Rich…amen, amen, amen…and hallelujah!!

Gayle

I don’t know how any thinking person can deny that the idol of this age is LIFESTYLE. From early childhood, we are indoctrinated with this as our highest goal. The concept permeates every aspect of our lives. How do we get from “here” to “there,” because the scriptures indicate that there can be no peaceful coexistence with such an idol for the people of YHWH.

Amber P

Excellent word! This cultural way of thinking disallows us to be engaged in the present moment and instead thrusts our living into the future. A future in which we are utterly powerless to control or even know. Doing what I can with what I have demands that I must engage in the present in order to be successful and further ties me to now, where God is speaking.

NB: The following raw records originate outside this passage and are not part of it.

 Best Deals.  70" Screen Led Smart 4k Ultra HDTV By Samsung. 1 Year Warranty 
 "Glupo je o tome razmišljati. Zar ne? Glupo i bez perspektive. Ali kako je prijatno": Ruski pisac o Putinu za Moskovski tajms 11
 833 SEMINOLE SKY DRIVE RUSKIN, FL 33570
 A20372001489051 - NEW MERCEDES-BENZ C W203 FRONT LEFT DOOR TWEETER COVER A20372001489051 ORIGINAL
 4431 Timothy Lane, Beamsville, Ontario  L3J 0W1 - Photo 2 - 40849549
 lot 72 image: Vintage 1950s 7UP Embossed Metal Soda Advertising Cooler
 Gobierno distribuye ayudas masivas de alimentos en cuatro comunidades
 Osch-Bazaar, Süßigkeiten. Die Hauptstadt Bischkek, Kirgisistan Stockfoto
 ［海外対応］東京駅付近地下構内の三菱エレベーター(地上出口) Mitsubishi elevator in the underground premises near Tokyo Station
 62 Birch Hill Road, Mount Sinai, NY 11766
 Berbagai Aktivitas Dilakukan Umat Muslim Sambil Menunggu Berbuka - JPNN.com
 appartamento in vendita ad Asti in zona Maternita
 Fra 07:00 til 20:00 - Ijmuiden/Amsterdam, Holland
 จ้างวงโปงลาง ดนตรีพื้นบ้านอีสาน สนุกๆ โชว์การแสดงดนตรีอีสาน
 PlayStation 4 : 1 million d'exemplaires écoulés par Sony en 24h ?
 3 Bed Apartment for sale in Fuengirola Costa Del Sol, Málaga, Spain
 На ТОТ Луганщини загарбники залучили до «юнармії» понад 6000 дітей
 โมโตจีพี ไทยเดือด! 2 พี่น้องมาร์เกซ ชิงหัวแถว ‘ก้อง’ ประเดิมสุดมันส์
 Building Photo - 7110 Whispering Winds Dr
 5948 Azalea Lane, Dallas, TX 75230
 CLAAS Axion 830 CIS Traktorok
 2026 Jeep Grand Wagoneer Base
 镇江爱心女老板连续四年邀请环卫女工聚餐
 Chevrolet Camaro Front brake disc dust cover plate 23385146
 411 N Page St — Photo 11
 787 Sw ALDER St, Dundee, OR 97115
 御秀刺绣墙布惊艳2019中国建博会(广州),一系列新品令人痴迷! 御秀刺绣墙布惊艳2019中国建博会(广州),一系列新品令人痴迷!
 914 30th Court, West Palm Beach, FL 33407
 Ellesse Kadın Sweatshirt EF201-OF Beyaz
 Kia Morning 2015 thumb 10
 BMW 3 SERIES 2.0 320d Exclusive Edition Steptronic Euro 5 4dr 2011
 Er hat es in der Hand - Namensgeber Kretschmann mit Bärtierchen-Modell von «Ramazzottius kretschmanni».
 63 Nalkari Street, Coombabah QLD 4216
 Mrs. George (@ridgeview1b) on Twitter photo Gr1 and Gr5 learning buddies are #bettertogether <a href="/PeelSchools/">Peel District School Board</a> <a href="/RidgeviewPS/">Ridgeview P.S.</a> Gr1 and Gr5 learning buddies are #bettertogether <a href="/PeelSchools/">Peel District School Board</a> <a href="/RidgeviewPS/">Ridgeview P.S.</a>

I believe this worldview has roots within the inception of the Feudal System. “… by the eleventh century the feudal system had become the only imaginable social system, and was so generally recognized throughout Western Europe that men conceived even their relations to God in terms of feudal laws. These laws bound man to man by a personal and, in principle, indissoluble tie, and they were based much more on the idea of the individual than on more abstract concepts of state, justice, or the public good. In fact, the feudal system recognized two basic values: man and land.” {The Crusades/Zoe Oldenbourg}. There is nothing new under the sun, is there? We define success in this country much the same way. The more nouns you possess, the more successful you are. Whereas the biblical definition of success, a verb, is “sound wisdom working.”

Pam Custer

So what is the antidote for all of this Skip? I know more and more people who have decided to quit working to forsake the “system”. They only end up dependent on those of us who work and then they call it depending on God. Gaaaaaaahhhhh!!!!!!